Have you read the Quinnie Boyd middle-grade mysteries? The Maypop Kidnapping, Vampires on the Run, and A Side of Sabotage? I discovered them this spring and I stayed up several nights to read them. The author of those books, C.M. Surrisi, is just as interesting as you’d think the writer who dreamed up Quinnie, her friends, and her village in Maine would be. When I realized she had a picture book out, The Best Mother, I wondered if she could carry that sense of humor over to a shorter storytelling form. Yes, indeed. That book’s delightful, too. We know you’ll want to learn more about this intriguing author.
What’s the weirdest place you’ve ever read a book?
In a tent in the Ranthambore Tiger Preserve in Sawai Madhopur Rajasthan, India
Do you keep your bookshelves in a particular order?
By subject matter. Not quite Dewey Decimal Classification.
How many bookcases do you have in your house?
An embarrassingly large number.
What’s the predominant color in your wardrobe?
Jeans. Is that a color? So, blue, I guess. I spent so many years in a world where jeans were not acceptable dress that when I left that world, I embraced jeans again in a big way. I have several forms of denim again now. Light, dark, patched, ripped, cropped, boyfriend, skinny, jacket, cutoff. Sorry. I’m all about comfort now.
Which library springs to your mind when someone says that word? What do you remember most about it?
When I think library I think of the middle grade fiction shelves, with their chunky novels, in plastic covers, with colorful jackets, swollen pages from wear, the delicious smell of paper, and scent of glue and ink. That’s where I go first in every library I visit.
Which book you read as a child has most influenced your life?
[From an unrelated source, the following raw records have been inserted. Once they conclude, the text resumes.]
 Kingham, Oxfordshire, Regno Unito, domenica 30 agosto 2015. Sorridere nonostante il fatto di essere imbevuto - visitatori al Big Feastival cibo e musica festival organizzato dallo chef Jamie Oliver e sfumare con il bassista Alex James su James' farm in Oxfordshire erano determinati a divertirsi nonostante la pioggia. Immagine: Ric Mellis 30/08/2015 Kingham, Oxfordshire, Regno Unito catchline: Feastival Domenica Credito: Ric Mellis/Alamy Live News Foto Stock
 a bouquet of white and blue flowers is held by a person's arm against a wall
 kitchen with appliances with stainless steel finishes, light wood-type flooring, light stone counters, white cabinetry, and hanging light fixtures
The Children of Primrose Lane by Noel Streatfield.
When I was in fourth grade, I picked this book off the shelf for its size, weight, jacket image, and all around library book smell. I didn’t know who Noël Streatfield was, and I hadn’t read any of the ballet books. I fell into this story about a group of kids living in England during WWII who took over an abandoned house on their dead end street as a clubhouse. Soon they realize they were sharing the house with a man they suspected was a shot-down German pilot pretending to be British. They played along with him until he accidentally overheard one of the children say something about the war effort that the child should not have shared. Their mission became keeping the pilot from transmitting the information to his base.
This was my first experience with children being involved with high stakes. The kids were all different, the circumstances were searing, the drama intense. I have never forgotten it. I found a copy of the book as an adult and reread it, only to find some culturally inappropriate aspects that were associated with war propaganda. I realized those aspects of the book didn’t go over my head. I had been indoctrinated by them. The book would have been just as powerful from a story perspective without them. I continue to hold it in high regard because it opened my world and transported me to a place where children did something noble.
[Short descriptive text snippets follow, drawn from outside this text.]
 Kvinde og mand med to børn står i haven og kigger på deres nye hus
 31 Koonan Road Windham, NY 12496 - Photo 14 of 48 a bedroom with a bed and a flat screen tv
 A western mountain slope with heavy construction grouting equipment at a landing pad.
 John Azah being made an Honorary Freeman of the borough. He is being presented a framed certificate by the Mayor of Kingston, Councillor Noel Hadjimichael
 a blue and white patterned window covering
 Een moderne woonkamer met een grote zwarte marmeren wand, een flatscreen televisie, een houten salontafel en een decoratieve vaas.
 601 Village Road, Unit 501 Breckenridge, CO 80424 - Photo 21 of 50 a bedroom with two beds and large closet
What’s your food weakness?
If the item is edible, and attractively prepared, I will generally give it a go.
What’s your favorite form of exercise?
Dancing. I wish that ballroom dancing could be easily accomplished alone. Drat, it’s so pairs oriented. Yes, Fred Astaire pulled it off much of the time, but I’m no Fred. I love the feeling of pairs dancing, but I don’t have a dance partner and don’t really want one. So I dance around the house by myself and make do.
What’s your favorite flower?
Blue Hyacinth. The color is important. It adds to the already spectacularly cloying smell. I love the spikes with their crowds of bells and the fleshy, glossy, green leaves. When I was a child, my mother had a ceramic flower pot that was an eight-inch cube that looked like a white woven basket. She filled it with blue hyacinths every spring. They sat in the center of the kitchen table. A close second would be old-fashioned roses. We had a big, unruly old-fashioned rose bush next to the back door, and every time we banged the screen door open when we ran out to play, it shook the bush and released the fragrance.
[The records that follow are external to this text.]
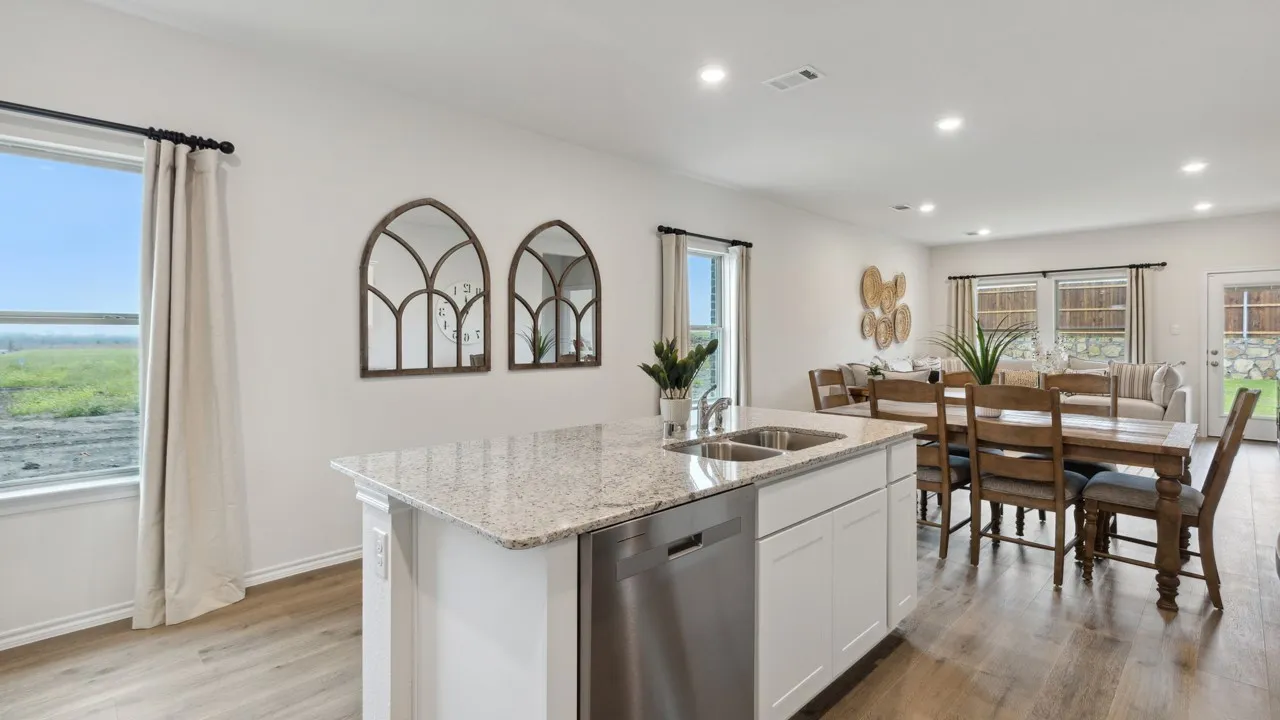 Kitchen island featuring a double-basin stainless steel sink, white cabinetry, and a light-toned speckled countertop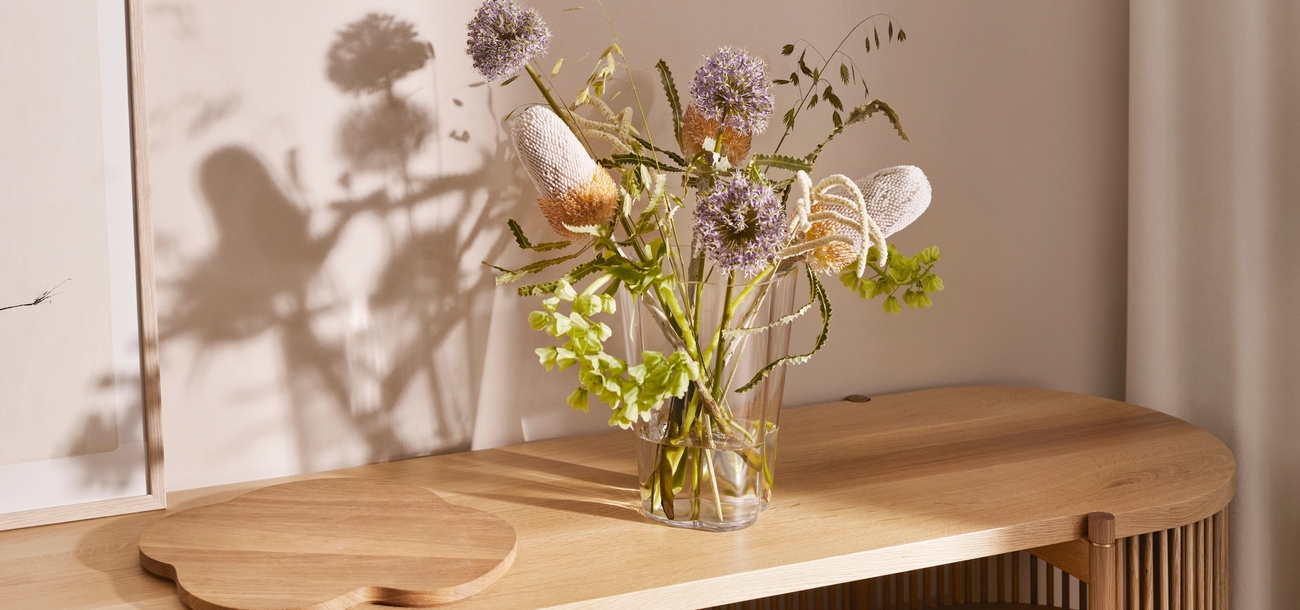 Konsolbord i ljust trä med en hjärtformad skiva, en vas med gröna växter och en marmorskiva med ett mörkt föremål.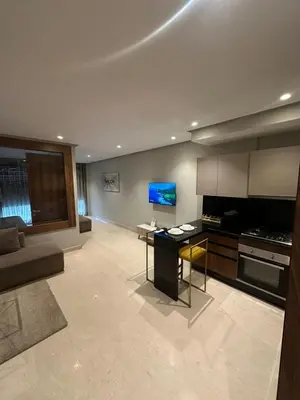 a large living room with a television and a kitchen at Signature Leving 119 in Casablanca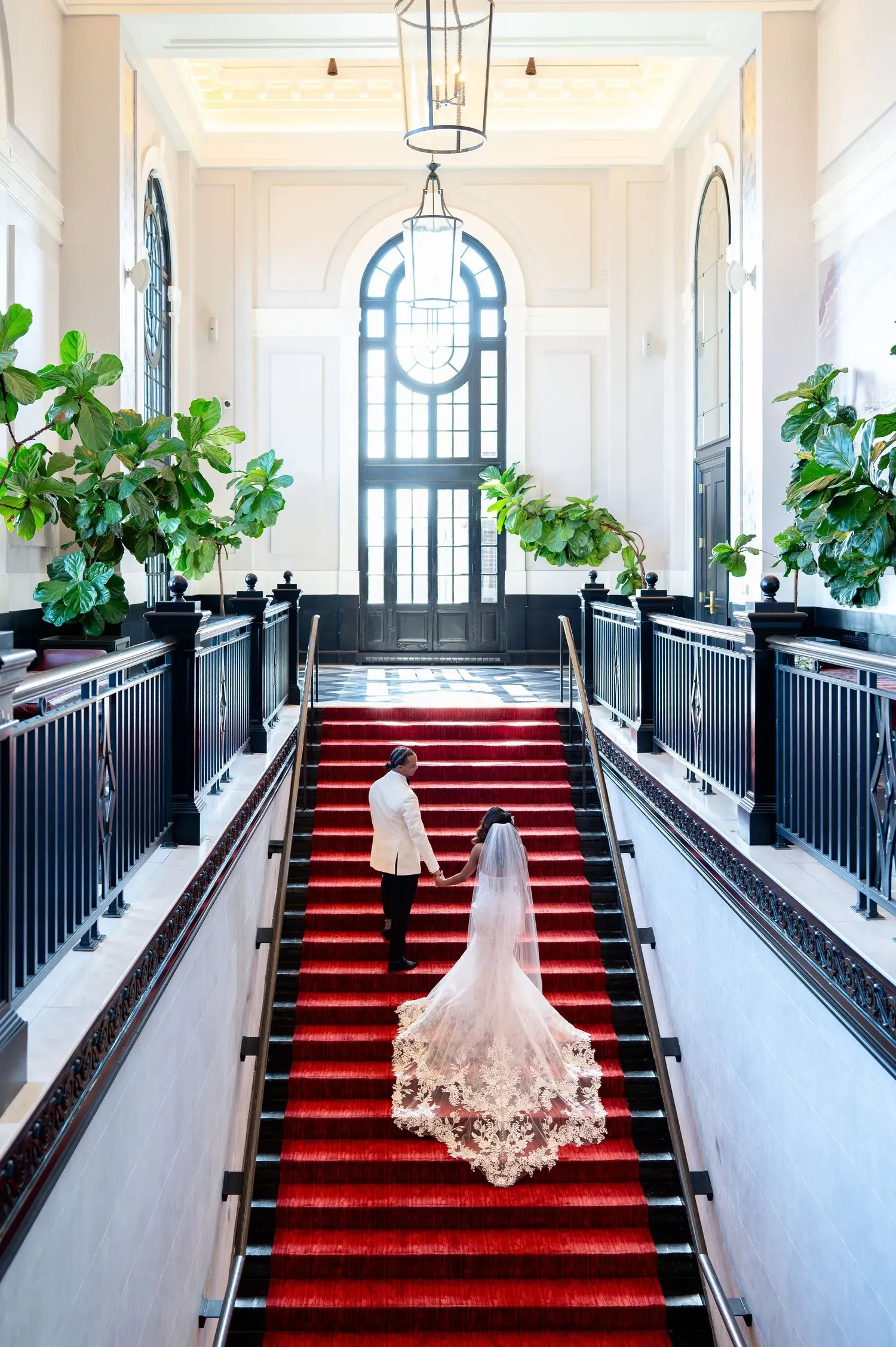 Couple walking up a red-carpeted staircase in a grand, bright hall
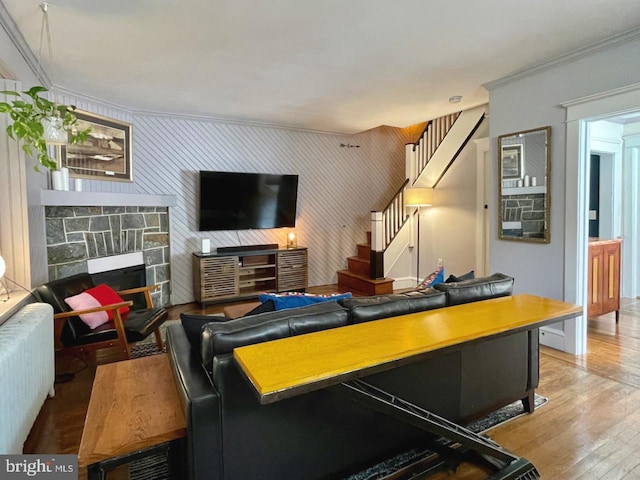 living room featuring stairway, crown molding, wood finished floors, a stone fireplace, and an accent wall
Who’s at the top of your list of Most Admired People?
My husband, Chuck. He had a stroke nine years ago, and the full range of emotion, energy, determination, and humor he’s summoned to cope with it has made him my hero.
What foreign language would you like to learn?
All of them.
Do you read the end of a book first?
Oh, no. Never.
If you had a choice, would you live under the ocean or in outer space, and why?
The very thought of either of these makes my head explode. I’m claustrophobic.
If you could write any book and know that it would be published and tens of thousands of people would read it, which book would you write?
If I knew this, I would have already written it, but then again knowing it and being able to write it are two different things, aren’t they? So the answer I guess would have to be “the biggest-hearted book.”
If you could be granted one wish, what would you wish for?
That children would be safe. Safe from adults and safe from each other.
I think you win the prize for the weirdest place where you’ve read a book! The image of reading in a tent in a tiger preserve is very vivid! And I can smell the flowers in your description of them!